Elder nodded. “Your friend Brian Warren, that evening, how would you say he and Irene Fowler got along?”
Blaine gave it a little thought. “Well enough, I suppose.”
“No more than that?”
“No, I don’t think so.”
“Christine Dulverton, the other woman who was there, she seemed to think they’d hit it off pretty well.”
Blaine’s face took on a supercilious smile. “One thing I’ve discovered about women, Mr. Elder, they have an ability to find romance, even intrigue, breeding in the most unlikely soil.” He took a half step away. “You’ve met Brian Warren, I take it?”
Elder nodded.
“Not the most fertile ground for romantic fantasy, I should have thought. And as for anything else...”
“Anything else?”
“Mr. Elder, Brian Warren is not a violent man. A few dead birds on the glorious twelfth, salmon hauled out of some highland stream, those are all very well. Within his natural orbit, shall we say. I also believe that when it comes to bridge, he takes no prisoners. But if you were for one moment considering the possibility that he returned that evening for an assignation that became something darker, I would urge you to think again.”
&
nbsp; Elder extended his hand. “Thank you, Mr. Blaine. Thank you for your time.”
Compared to Warren’s handshake, Blaine’s was deft and light, as if contact with another person in that way was not something he enjoyed at all.
MAUREEN PRIOR MET EVE WARD IN A CAFÉ ON THE ALFRETON Road, last year’s calendar still on the wall. Two rows of four Formica-topped tables with only a narrow space between. An elderly Rastafarian stood behind the counter, polishing, with infinite slowness, a battered metal teapot. The only customers, Eve Ward aside, were two young men in hoodies, who got up as Prior entered and pushed past her on their way to the door.
“Some people,” the Rastafarian said, “don’t feel comfortable with anyone they think might be police.” He smiled at her through broken teeth.
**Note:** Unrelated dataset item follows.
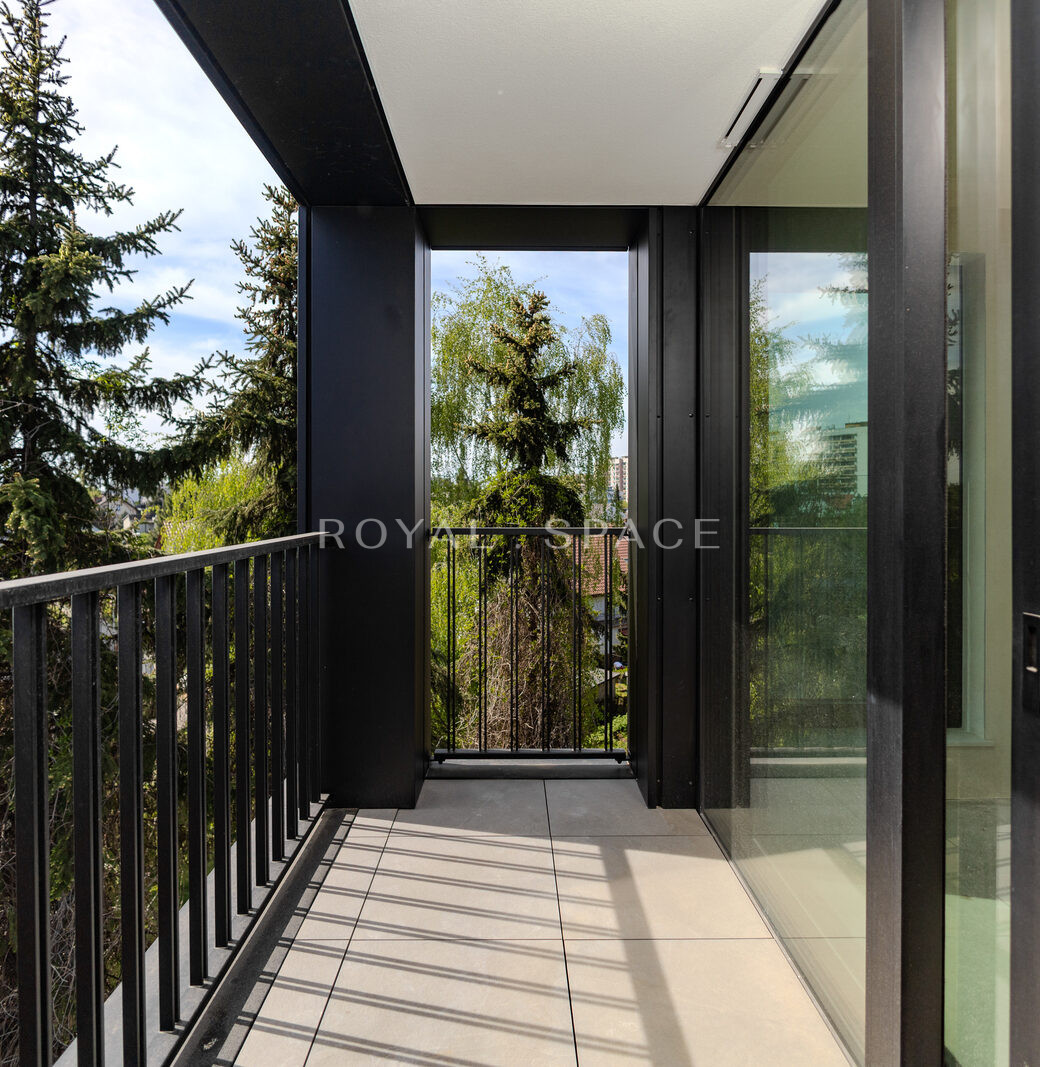 Apartment in a prestigious investment NO PCC!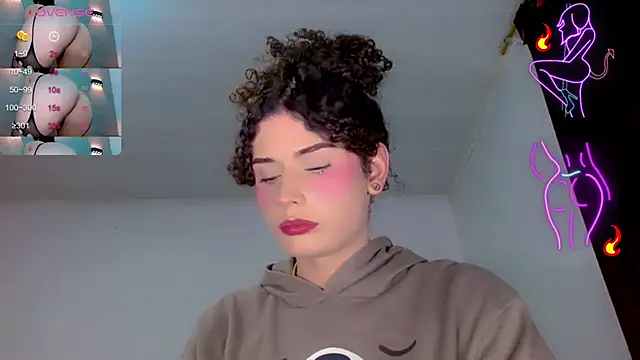 DoveCameron  online show from 08-01-26, 03:50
Prior assumed that rather than sniffing out her profession from the way she held herself or her self-effacing way of dressing, they had recognized her from a previous occasion. But you could never tell.
Eve Ward was sitting close against one wall, flesh loose on the bones of her face, lipstick bravely rather than wisely applied, her hair hennaed and roughly combed. She was wearing a dark wool coat that had seen better days and, beneath it, a mauve cardigan fastened with a safety pin. Chipped red polish on her nails.
Prior introduced herself and, after asking the other woman what she wanted, ordered two teas. “It was good of you to agree to see me,” she said, sitting down. “I won’t take up any more than’s necessary of your time.”
Eve Ward coughed and lit a cigarette. “What you want to waste your breath over that twisted bastard for beggars bloody belief.”
Without ceremony, their teas arrived.
“I wondered if you could tell me about what happened? The night you were attacked.”
“He went bloody crazy, didn’t he? Smacked me round the head and then tried to bloody strangle me. The bastard! Shame he’s not still rottin’ away inside.” She touched her finger ends gently against one side of her head. “Headaches I get all the time. Gettin’ worse instead of better, an’ all. Doctor says there’s nothing she can do, aside from give me pills. Hurts so much sometimes, I want to take a fuckin’ knife and gouge it out.”